Photo courtesy of SSAB
Global steel mills produced 166.1 million metric tons (mmt) of crude steel this March, representing a 2.9 percent increase compared with March 2024, according to the Brussels-based World Steel Association (Worldsteel).
In addition to the year-on-year increase, the March total output in the 69 countries that report to Worldsteel rose by 14.8 percent compared with the prior month.
China, which makes more than half the world’s steel, has an outsized influence on global fluctuations, a factor demonstrated annually when the multiweek Lunar New Year holiday causes industrial activity in the nation to plummet.
In March, steel output in China rose by 17.6 percent compared with February, when much of the 2025 Lunar New Year celebration was taking place.
The massive rebound from 78.9 mmt of steel made in China this February to 92.8 mmt in March was accompanied by smaller production increases in other leading steel-producing nations, helped in part by the three extra days in March.
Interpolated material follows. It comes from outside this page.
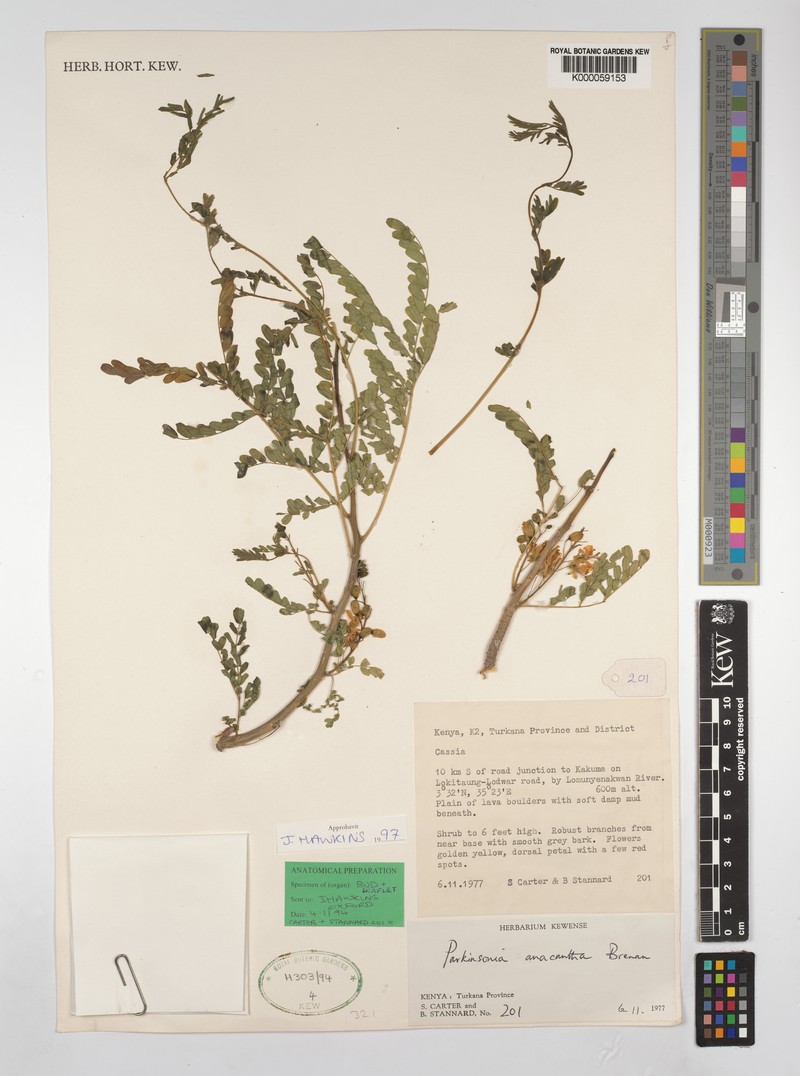 Parkinsonia anacantha photo 4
China’s steel output this March also rose by 4.6 percent compared with its steel production in March 2024. While that could be good for steel sector employees in that nation, producers in much of the rest of the world might not be heartened by the increased output.
Earlier this month, the Steel Committee of the Paris-based Organization for Economic Cooperation and Development (OECD) released its latest in a series of reports decrying what it considers severe overcapacity in the global steel sector, with much of it resting in China.
The authors of the OECD report said the committee had reviewed its latest subsidy monitoring work, concluding that “significant Chinese subsidization in 2024, including grants, tax incentives, differentiated electricity pricing and below-market borrowing to steel companies in China and other countries, will worsen steel excess capacity problems and trigger further trade disruptions for steel committee members going forward.”
China, which contains about 17 percent of the world’s population, has been producing more than half the world's annual steel total each year since 2015.
In the first quarter of 2025, China has churned out more than 55 percent of the steel made globally, according to Worldsteel’s figures.